Tom rubbed his eyes. “I need to think about this. Do you have a number I can reach you at?”

One of the agents produced a card and held it out.

“We really would like to see that invitation,” he said, pinching the card so Tom couldn’t take it.

“When I find it, I’ll show it to you.”

The Fed released the card. Special Agent John Smith. Go figure.

“We’ve heard that Forenzi is conducting another experiment this weekend. Our informant says guests are being picked right now.”

“Who is this informant?”

Neither agent answered. Obviously the Bureau had their need-to-know info just like the military did.

“Goodnight, gentlemen,” Tom said. “You can find your way out.”

They left without so much as a nod. As soon as the door closed, Tom went to his cell phone and called Roy.

It went straight to voice mail.

“Roy, it’s Tom. Call me back as soon as you get this.”

It was too early in the morning to call Gladys, Roy’s ex-wife, so instead Tom went into the bedroom and found the FedExed invitation. He snapped on a pair of vinyl gloves he kept in his drawer, and pulled the invite out of the blue and orange cardboard mailer. It was a standard 8.5” x 11” sheet of paper, off white and a heavy stock. The writing on it appeared to be calligraphy.

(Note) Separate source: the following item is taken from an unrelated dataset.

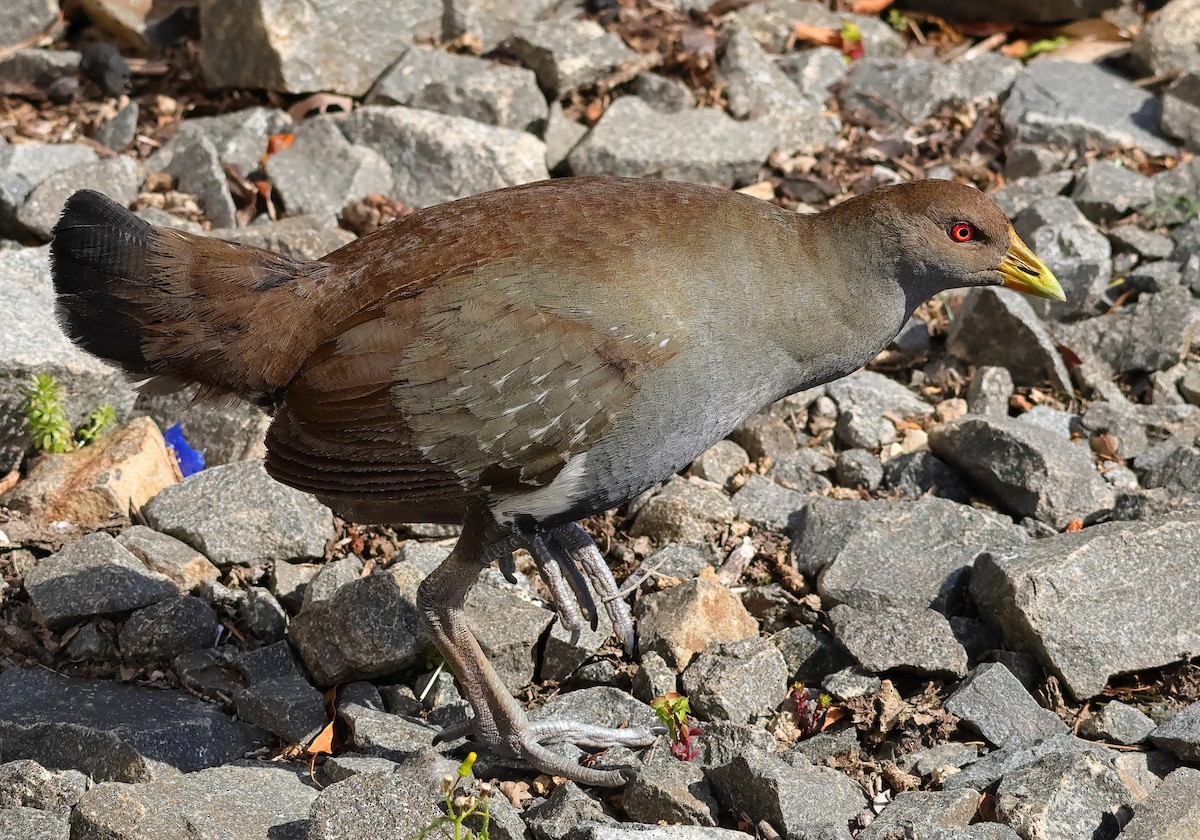 Tasmanian Nativehen - ML644680911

Survive the night in a haunted house and receive $1,000,000. Call 843-555-2918 to confirm.

Invitation 3345

Tom turned the paper over, finding nothing, then looked for a nonexistent water mark. Next, he sniffed it, and it smelled like paper. Finally he took out a magnifying glass and studied the script. It was inkjet, not handwritten.

It said nothing about this being a gameshow or a reality show, but those were the possibilities he and Roy had brought up during the fifteen seconds they’d discussed it. But this seemed more likely to be a joke, hoax, or scam.

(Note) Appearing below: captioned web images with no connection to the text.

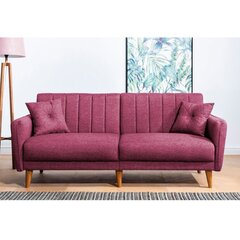 Sofa Artie Aqua, raudona kaina ir informacija | Sofos | pigu.lt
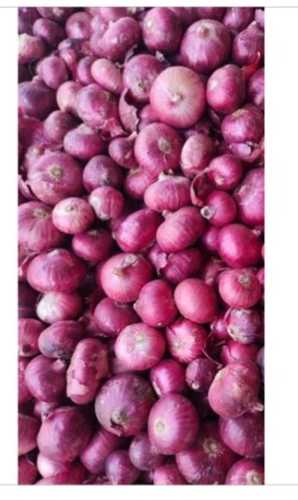 Pink Round Shape Organic Fresh Onion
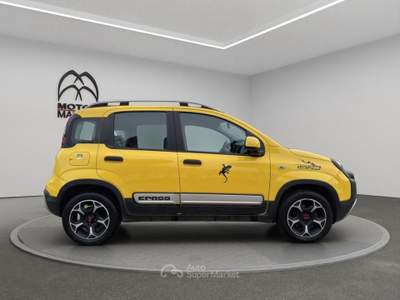Fiat Panda 1.0 FireFly Hybrid Cross Oro usata Roma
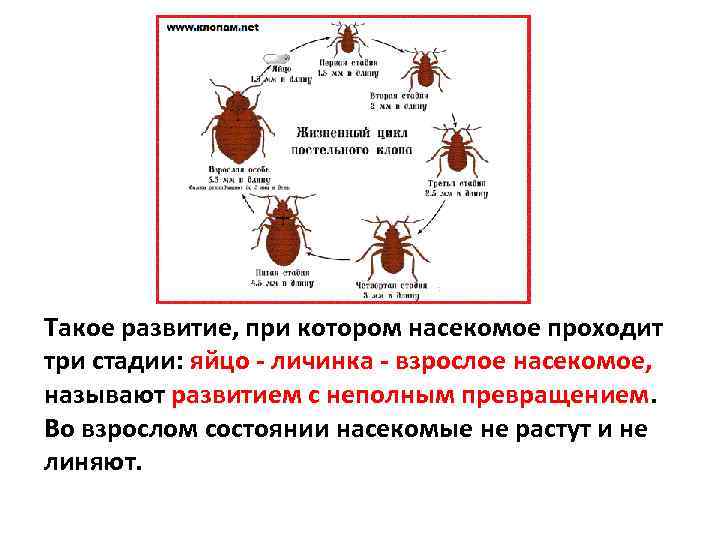 Такое развитие, при котором насекомое проходит три стадии: яйцо - личинка - взрослое насекомое,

And yet the Feebies were extremely interested in this invitation, and they didn’t think this was a put on.

Tom switched on his computer monitor, saw he was still on the Skype program he used to talk to Joan. She was offline. He frowned, then Googled Dr. Emil Forenzi, spelling it like it sounded.

He found him on the Linkedin social network. Born in Brazil fifty-six years ago, his father Italian and mother a native. Moved to the US when he was a child. Full scholarship to Brown. Doctorate at MIT. Then he went to work for the DoD, and apparently still did. Specialties included a bunch of technical and science skills that Tom had to scroll down to read completely.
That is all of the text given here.